私たちはかなりの荷物を運んでいて、人生を身軽に旅することができません。ネガティブな荷物をあまりに多く抱え込んでいると、今目の前にあるすばらしい人生を見逃してしまいます。
あなたの「過去」や「計画」も、そんな荷物の一つです。
ときには知らぬ間に、他人の荷物を運んでいることさえあるのです。

自分にだけ見えない
「過去」という荷物があります

 おそらく、私たちが無駄に引っ張っている最大の荷物は、過去でしょう。

 数年前、私はインドでツアーに参加し、古い寺院跡を訪れました。そのとき、四六時中、数週間前のデートでの惨めな経験について話している若い女性に出会いました。

 彼女は、ちらりと遺跡を見て数枚写真をとったかと思うと、再び自分の悲惨なデートについて延々と話し続けるのです。

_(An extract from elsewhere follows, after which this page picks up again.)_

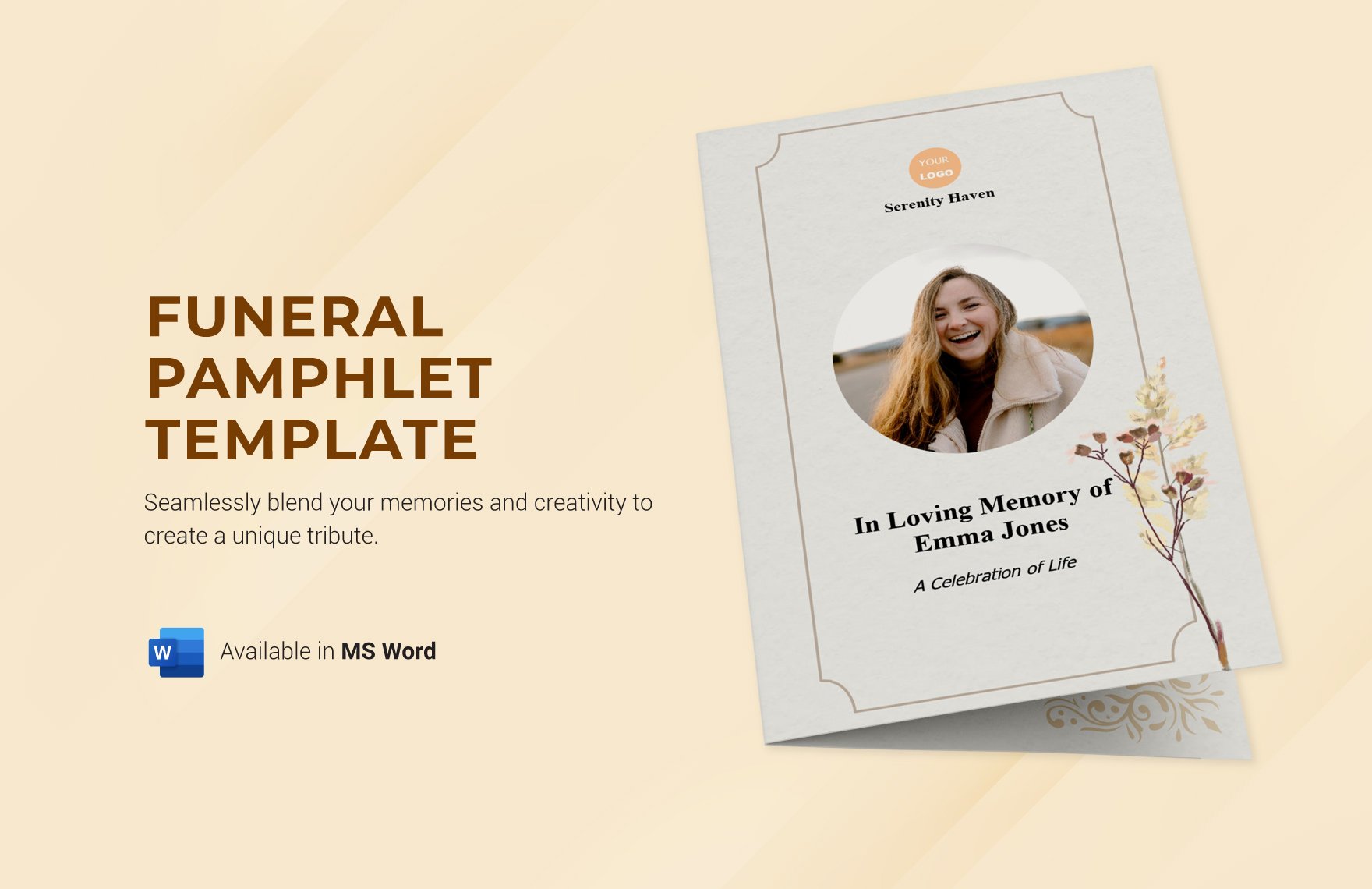 Funeral Pamphlet Template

彼女の荷物はとても重く、ツアー参加者全員に影響を及ぼしていました。

 とうとう、私の娘が、女性の目を見てにっこりほほ笑み、こう言いました。

「どちらから参加されたんですか?」

 その質問が、彼女にパンチを食らわせました。

「ロサンゼルスです」と彼女は答えました。

「ここはとてもすばらしいところですね」

 娘はそう言って、彼女が再び過去に注意を向けないようにしたのです。

「ええ。本当にきれいだわ」

 彼女は、まるで初めてそれを目にしたかのように答えました。

 その後ツアーはとても静かになり、全員が、今この瞬間の喜びを取り戻すことができたのです。

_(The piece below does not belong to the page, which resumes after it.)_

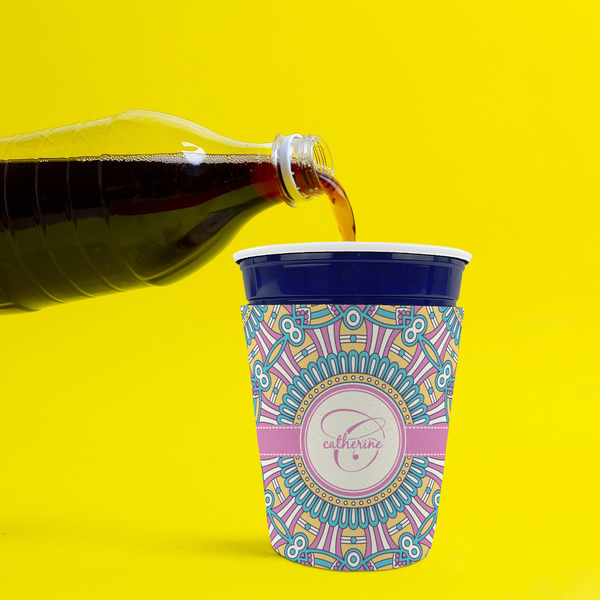 Bohemian Art Party Cup Sleeves - without bottom - Lifestyle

 このような荷物が油断ならないのは、他人には見えても自分自身には見えないことです。

「計画」も荷物の一つです

 私には、人生のあらゆる瞬間に計画を必要とする友人がいます。

 数年前、彼女とニューヨークへ旅しましたが、それは私にとって悪夢のようでした。というのも、気の向くままに行動できるゆとりがまったくなかったからです。彼女は、泊まる場所も、夕食をとるレストランも、訪ねる場所も、休憩時間も、すべて事前に決めていたのです。

 彼女と一日一緒に過ごしながら、私はつねにスケジュールとそれを守ることばかり考えていました。しばらくは我慢していましたが、小さなしゃれたコーヒーショップを見つけたとき、とうとう我慢ならなくなったのです。

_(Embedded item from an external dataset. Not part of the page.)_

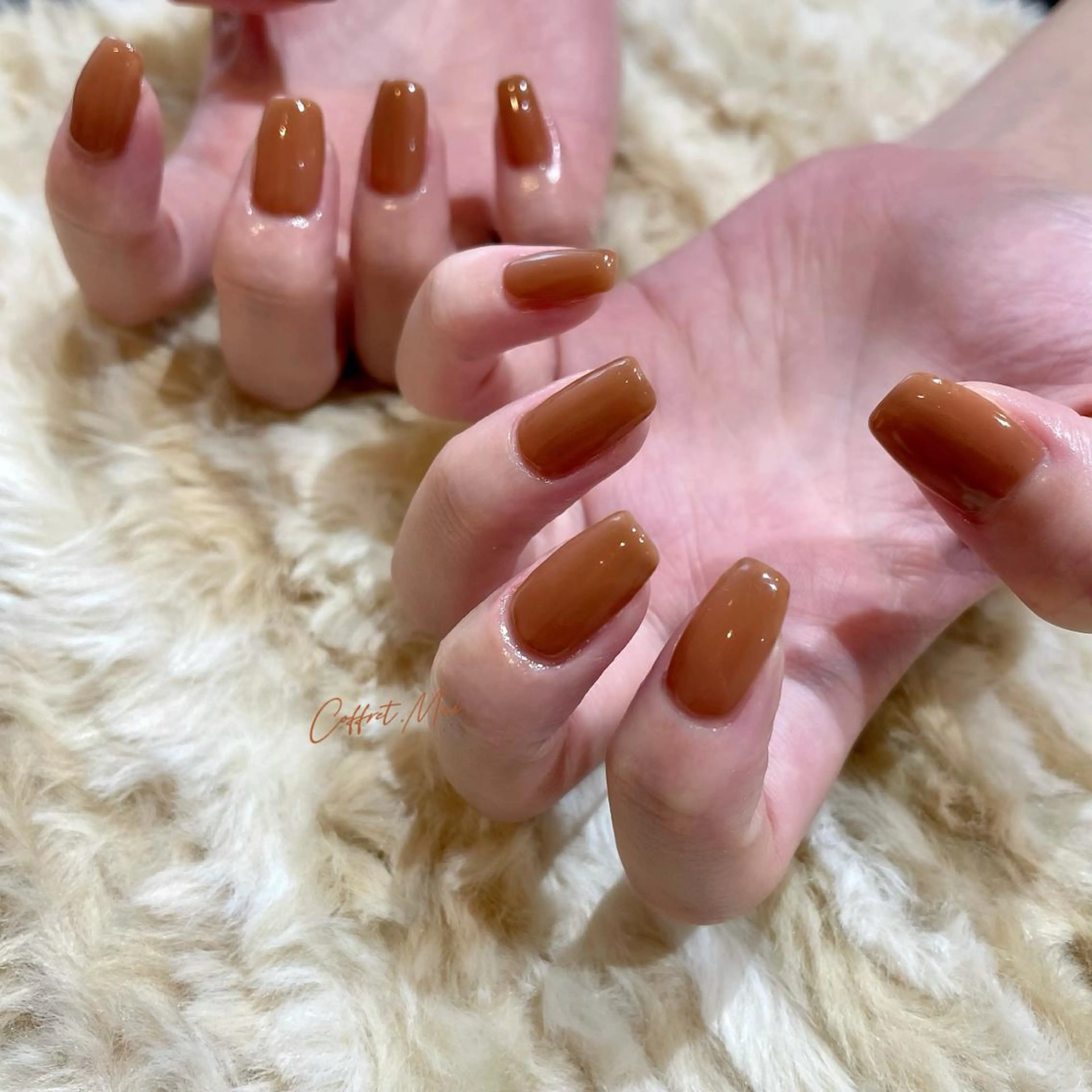 ネイル ブラウン WOLTOKYO池袋 💕maiのネイルデザイン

 その店はまるで、エスプレッソを飲んでいってと、私に手招きしているようでした。そう提案すると、彼女は即座に予定外だと拒否しました。そこで私は彼女に、スケジュールを無視するか、各自別行動するか選んでほしいと言ったのです。

 彼女は別行動することを選びました。

 私はエスプレッソを楽しんで、それから数時間、一人でぶらぶらしたのです。彼女は思い切りアートを楽しみ、私は美味しいデザートを十分楽しみました。それは互いにとってよい決断でした。

 人生の旅で、自分が荷物を詰めすぎているかどうか理解する方法は簡単です。不要な荷物で人生が抑圧されていると、私たちのマインドは重苦しくなり、腹が立ってイライラし、ハートは空っぽで閉じた感じがします。